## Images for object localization

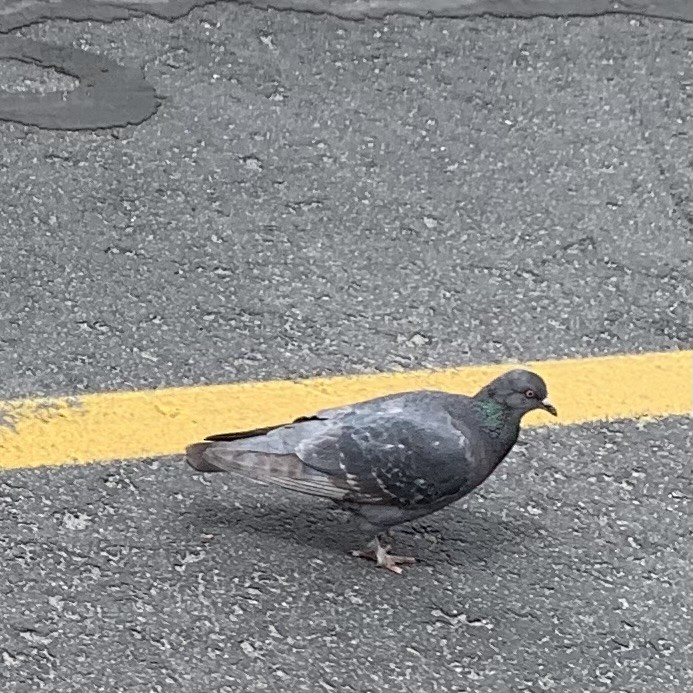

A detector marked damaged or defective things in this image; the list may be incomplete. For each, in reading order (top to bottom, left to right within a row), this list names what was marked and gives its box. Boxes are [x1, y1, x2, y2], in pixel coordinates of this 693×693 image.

dark asphalt patch [0, 35, 157, 129]
dark asphalt patch [0, 414, 688, 688]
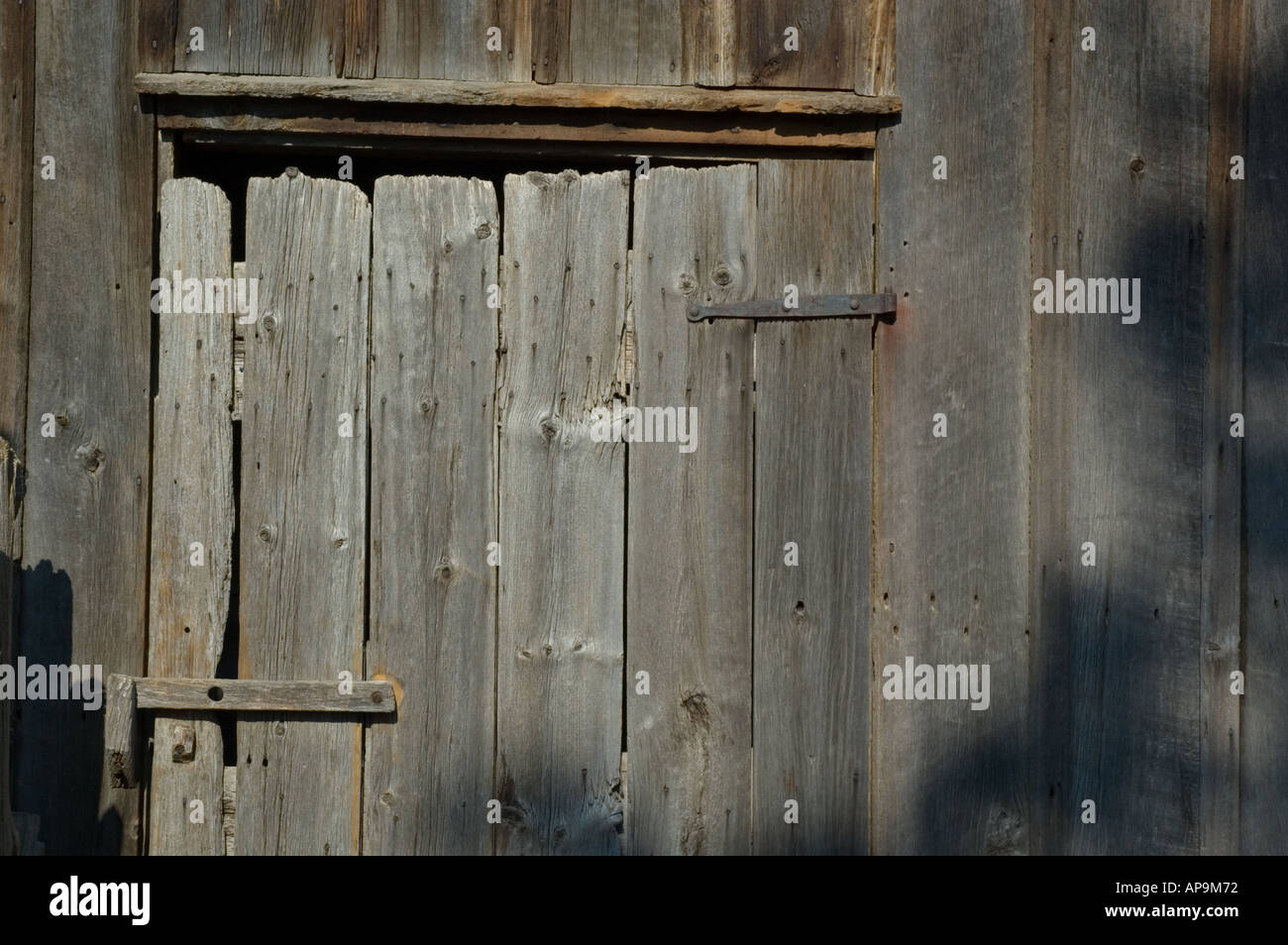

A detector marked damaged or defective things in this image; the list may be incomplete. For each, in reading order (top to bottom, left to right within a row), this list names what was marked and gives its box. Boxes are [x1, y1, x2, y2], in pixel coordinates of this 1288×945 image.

splintered wood edge [128, 72, 896, 115]
rusted metal bracket [685, 292, 896, 325]
splintered wood edge [130, 680, 393, 715]
rusted metal bracket [106, 680, 391, 788]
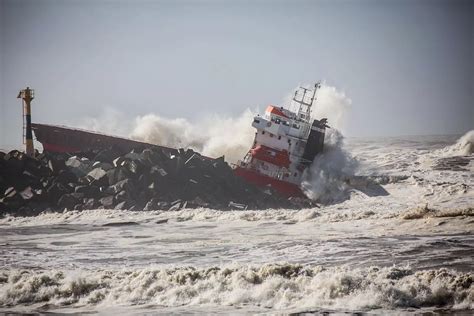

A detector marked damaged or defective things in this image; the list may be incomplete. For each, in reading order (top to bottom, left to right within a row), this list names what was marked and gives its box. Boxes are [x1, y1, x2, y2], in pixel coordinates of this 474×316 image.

broken hull [232, 165, 304, 198]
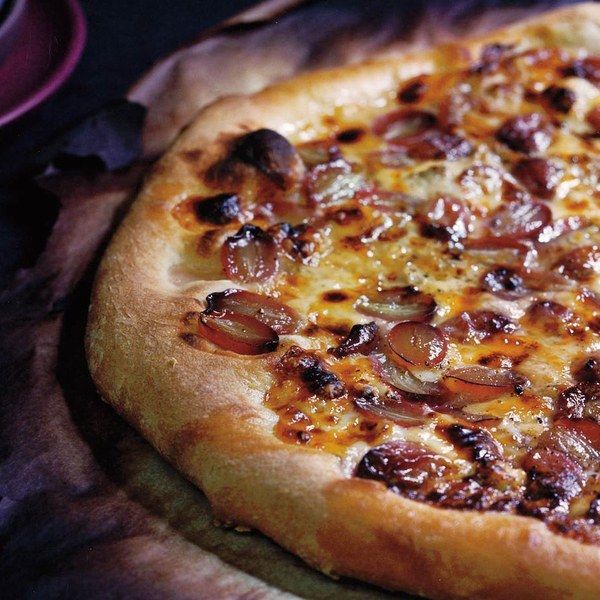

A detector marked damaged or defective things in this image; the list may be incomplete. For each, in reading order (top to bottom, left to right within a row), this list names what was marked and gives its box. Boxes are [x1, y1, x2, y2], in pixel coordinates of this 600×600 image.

charred topping [540, 85, 576, 114]
charred topping [496, 113, 552, 155]
charred topping [234, 128, 300, 188]
charred topping [191, 192, 240, 225]
charred topping [326, 324, 378, 356]
charred topping [282, 346, 346, 398]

## What you need to do
Only the lines from the line with "this 1288×945 image." to the end of the records should be repeated, exactly and without pictures.

## Answer to the problem
A detector marked damaged or defective things in this image; the list may be incomplete. For each, in reading order (top to bottom, left to right within a row), this list names what was marked and gives its box. Boxes are [x1, y1, x2, y2], in pixel coordinates of this 1288×945 image.

splintered wood edge [128, 72, 896, 115]
rusted metal bracket [685, 292, 896, 325]
splintered wood edge [130, 680, 393, 715]
rusted metal bracket [106, 680, 391, 788]

A detector marked damaged or defective things in this image; the list may be incomplete. For each, in reading order (top to bottom, left to right within a row), this list names what was marked and gives its box. Boxes are [x1, y1, x2, y2], in pixel coordinates of this 474×316 image.

broken hull [232, 165, 304, 198]

A detector marked damaged or defective things in this image; the list may be incomplete. For each, in reading order (top to bottom, left to right within a row), this list names what was marked and gives its box. Boxes are [x1, y1, x2, y2], in pixel coordinates of this 600×600 image.

charred topping [540, 85, 576, 114]
charred topping [496, 113, 552, 155]
charred topping [234, 128, 300, 188]
charred topping [191, 192, 240, 225]
charred topping [326, 324, 378, 356]
charred topping [282, 346, 346, 398]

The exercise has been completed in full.